(Records excerpted from a collection)
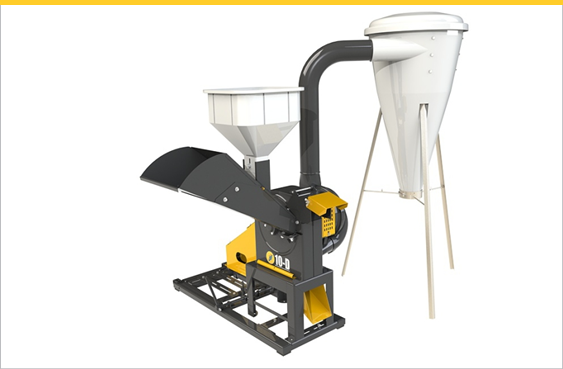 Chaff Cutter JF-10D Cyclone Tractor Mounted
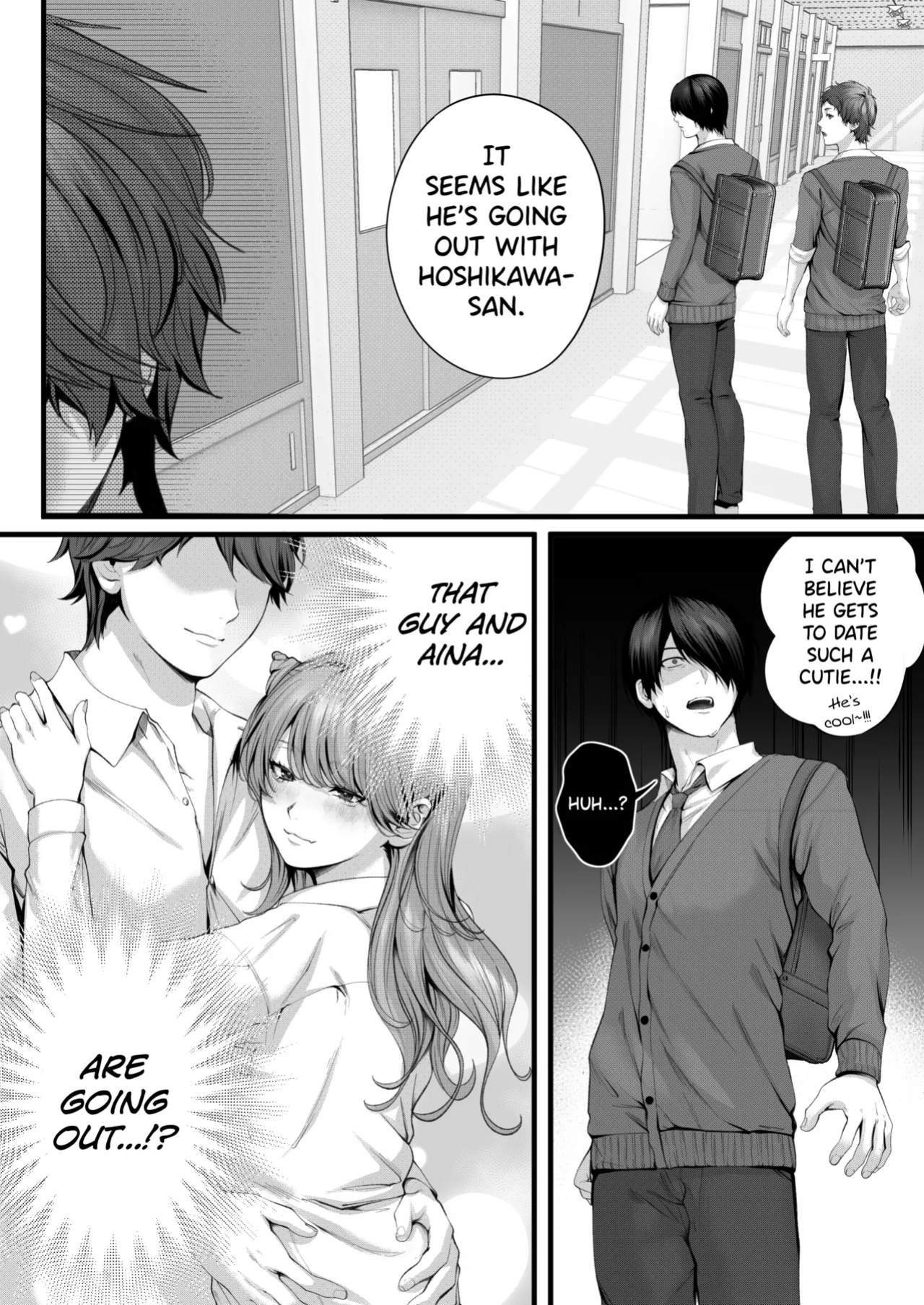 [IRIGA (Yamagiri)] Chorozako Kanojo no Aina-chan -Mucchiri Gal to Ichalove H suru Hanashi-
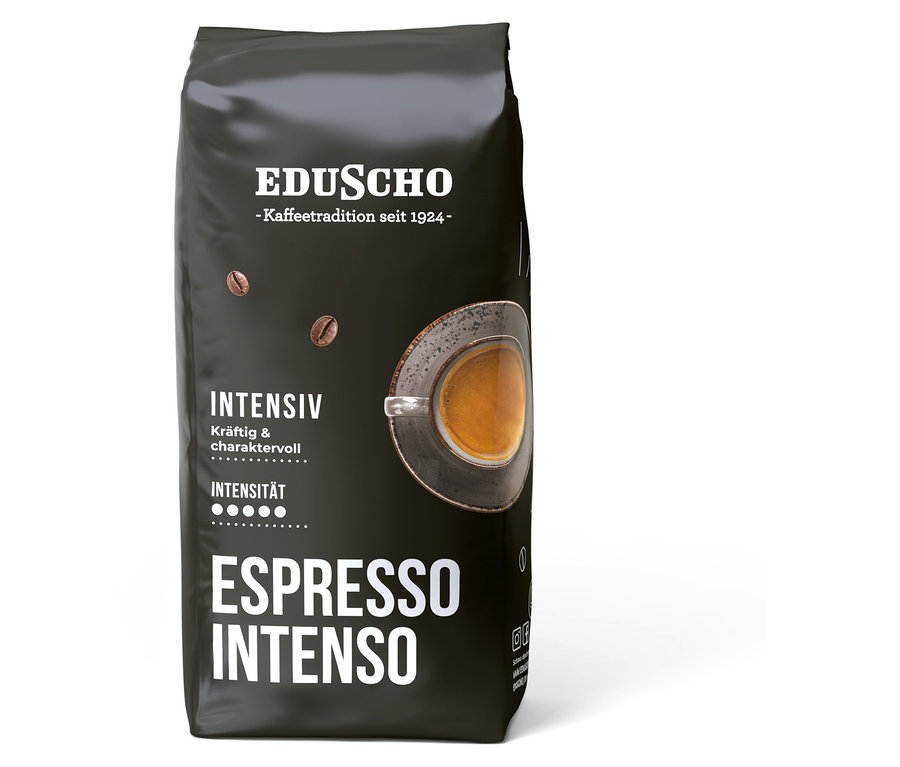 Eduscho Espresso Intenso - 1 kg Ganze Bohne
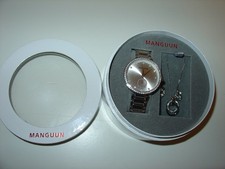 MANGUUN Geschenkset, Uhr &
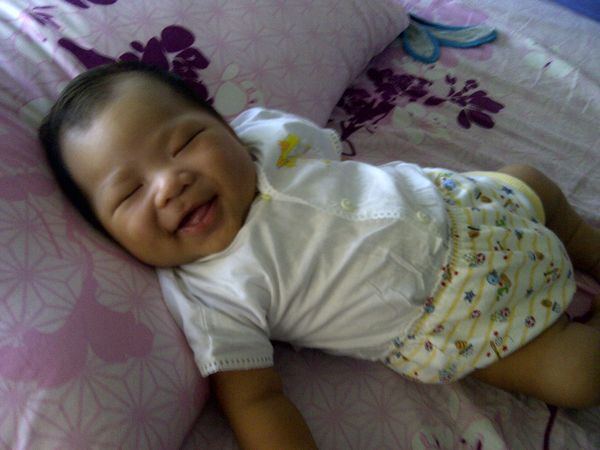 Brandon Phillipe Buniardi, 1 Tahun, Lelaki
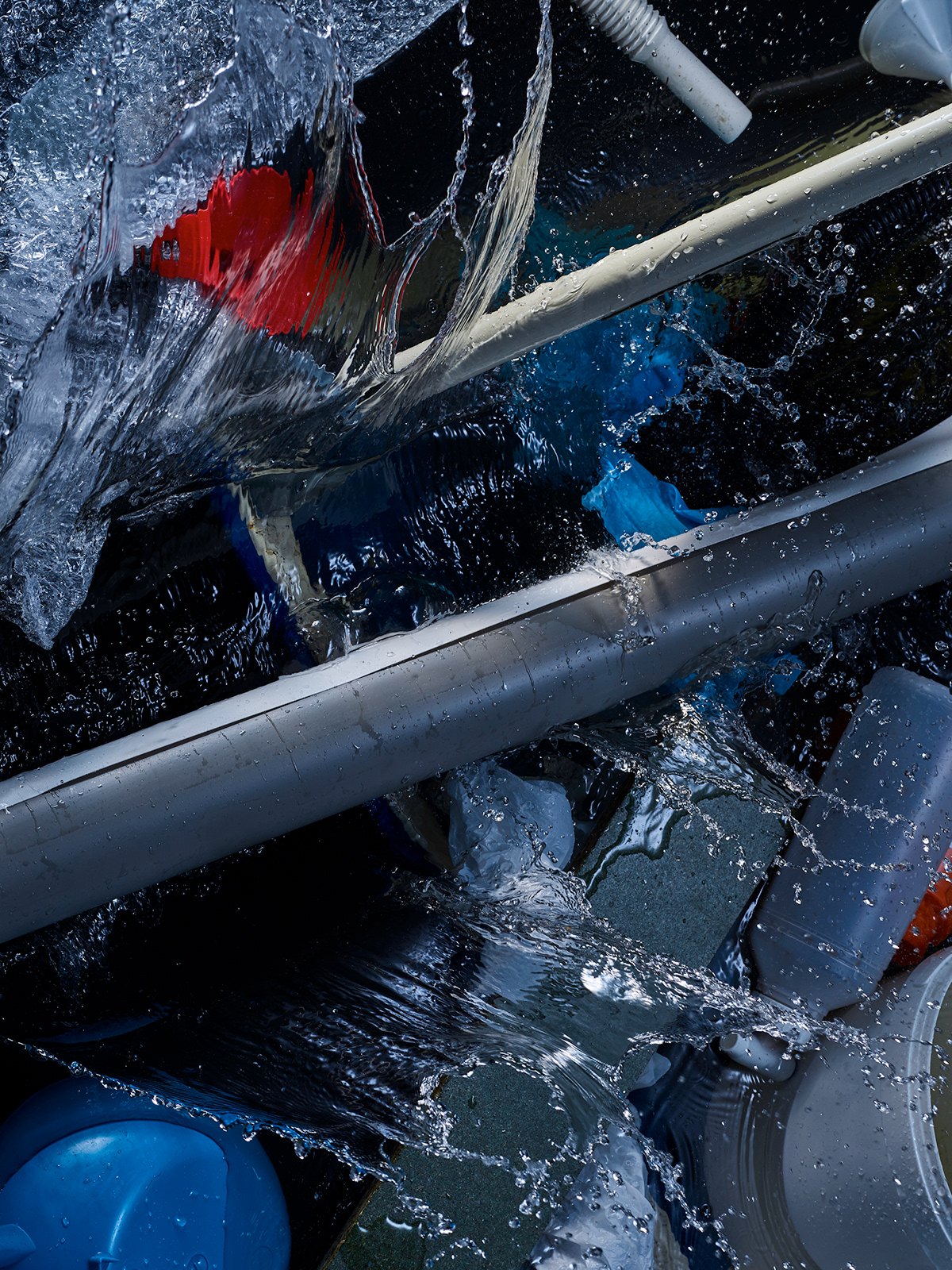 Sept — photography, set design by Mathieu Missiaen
* * *
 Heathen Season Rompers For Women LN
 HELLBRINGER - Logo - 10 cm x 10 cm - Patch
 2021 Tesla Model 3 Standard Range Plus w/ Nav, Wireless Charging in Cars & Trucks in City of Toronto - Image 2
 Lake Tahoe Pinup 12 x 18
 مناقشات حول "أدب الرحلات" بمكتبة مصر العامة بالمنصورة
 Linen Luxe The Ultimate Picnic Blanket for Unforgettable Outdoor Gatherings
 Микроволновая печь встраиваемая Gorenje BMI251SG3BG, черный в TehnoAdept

### Exercise aim
From the records above, copy only the lines starting with the line that holds "Linen Luxe The" and going on through the line that holds "Микроволновая печь встраиваемая", exactly as written.

### Your response
 Linen Luxe The Ultimate Picnic Blanket for Unforgettable Outdoor Gatherings
 Микроволновая печь встраиваемая Gorenje BMI251SG3BG, черный в TehnoAdept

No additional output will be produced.